Summary of impact:
At approximately 16:30 UTC on Thursday 20th February 2020, Engagement Cloud customers in our North American region experienced delayed email and SMS campaign sends. This would’ve included delays to transactional email sends too. We fully restored services at 19:42 UTC.
After in depth investigation, we were able to isolate the problem to the internet connectivity in our North American sending node data center. This sending node provides much of the processing required to personalize and dispatch email and SMS sends.
In the data center we have 2 internet circuits from separate internet transit suppliers to provide redundancy in the event of a failure on one of the connections.

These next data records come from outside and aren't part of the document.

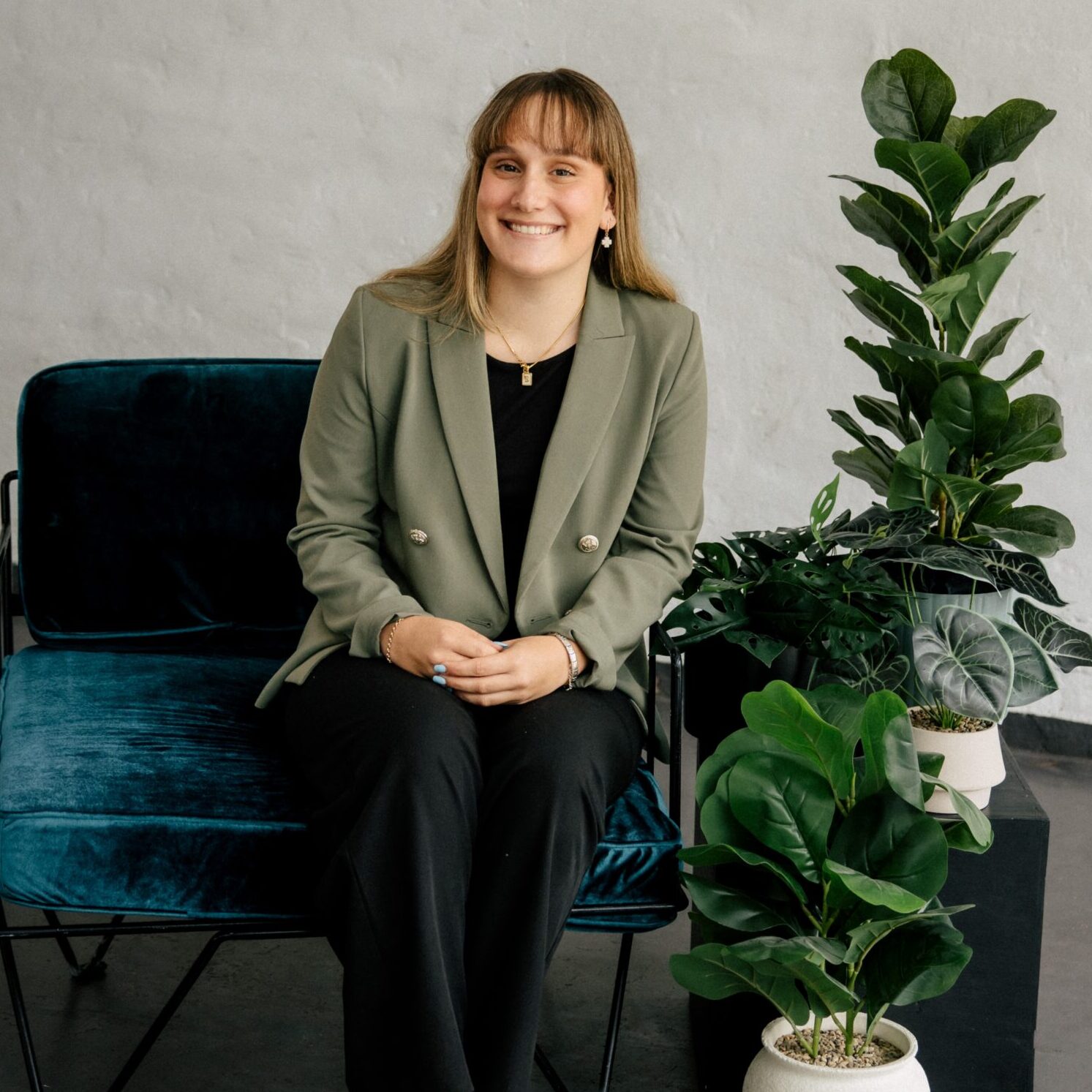Clairs Keeley Lawyers Support Staff: Smiling woman in blazer, indoor plants, furniture. Perth legal team for Family & Commercial Law, Estates.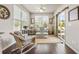 Charming sunroom with wicker furniture, natural light, and access to the outdoors at 1941 La Playa Dr., Myrtle Beach, SC 29588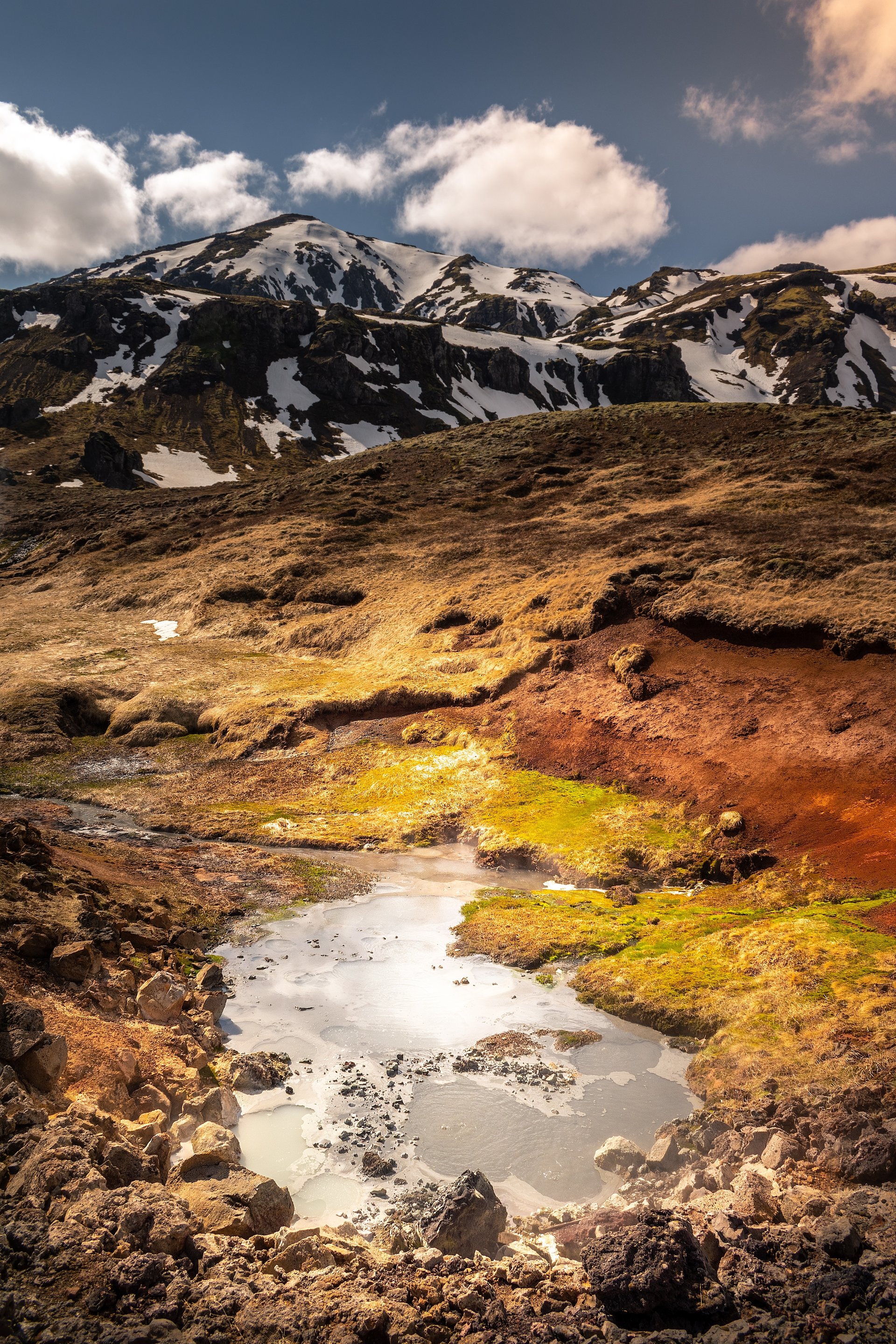 Moss-covered lava and geothermal steam along the Hengill trail near Þingvallavatn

These are configured in an active/active way for maximum throughput and resilience in an event of a failure. In addition, we have multiple connections to Microsoft Azure for enhanced resilience.
We carried out tests and found both connections were experiencing issues trying to communicate with core internet services and our cloud infrastructure in Microsoft Azure. In addition, we discovered there were some physical cabling issues in the data center that may have been impacting the performance of one of our internet connections.
Here’s a timeline for our mitigation steps (times shown in UTC):
- 16:35 - We carried out tests and found we were experiencing intermittent connectivity issues in our North American data center. This was causing services to generate multiple errors while not being able to access key resources required for personalization and dispatch
- 16:45 - We stopped sending services
- 16:50 - We contacted the data center and our Internet transit providers to initiate support and alert them to the issues
- 17:20 - We were notified by one of our Internet transit providers they were currently investigating a possible interruption which may be impacting our service
- 17:40 - We restarted our gateway connectivity to Microsoft Azure
- 17:55 - We discovered there were potential cabling issues with one of our transit circuits
- 18:00 - We carried out further tests on both internet connections and found that one of our connections was experiencing intermittently issues whilst the other was experiencing increased latency over our gateway to Microsoft Azure.
- 18:30 - We fixed the cabling issues and re-seated the connectors for our internet circuit
- 18:41 - We restarted our gateway to Microsoft Azure a second time
- 18:50 - We brought all circuits back online and found that both connections were now stable
- 19:10 - We resumed sending services and continued to monitor the service
- 19:40 - We were confident the connectivity was stable and updated our customers through our status page and support ticket.
- Make adjustments to our monitoring in order to receive alerts earlier which will enable us to react quicker if we ever have a similar issue in the future
- Engage with network carriers to look at the cleaning their circuits in the data center
- Continue our discussions with our 3rd party providers and analyze further log data. We’ll update this RCA if more information is found on a specific root cause.